Remember to ask your mortgage lender or mortgage banker lots of questions about which mortgage is right for you and your situation.

Step 7: Close on Your Home

Make sure you get a home inspection before you close. It will be well-worth the money spent since it ensures the property’s structural soundness and good condition.

Setting the closing date that is convenient to both parties may be tricky, but can certainly be done. Remember that you may have to wait until your rental agreement runs out and the seller may have to wait until they close on their new house.
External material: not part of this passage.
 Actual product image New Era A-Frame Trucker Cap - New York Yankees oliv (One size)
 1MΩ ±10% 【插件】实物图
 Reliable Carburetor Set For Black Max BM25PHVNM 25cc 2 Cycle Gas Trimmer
Be sure you talk to your mortgage banker to understand all the costs that will be involved with the closing so there are no surprises. Closing costs will likely include (but are not limited to) your down payment, title fees, appraisal fees, attorney fees, inspection fees, and points you may have bought to buy down your interest rate.

Step 8: Move In!

You’ve got your mortgage, closed the deal and now it’s time to move in! Whether you use a mover or not is up to you, depending on your financial situation and how much stuff you have to move; perhaps also, whether you have a lot of friends willing to help you move. Either way, you’re done with the home buying process! Just start unpacking and start enjoying your first home! Buying a home for the first time doesn’t have to be a hassle if you’re prepared and you know what to do and when to do it. Choose an experienced home loan lender and a friendly, knowledgeable real estate agent-they are the key to helping you have a smooth home buying experience!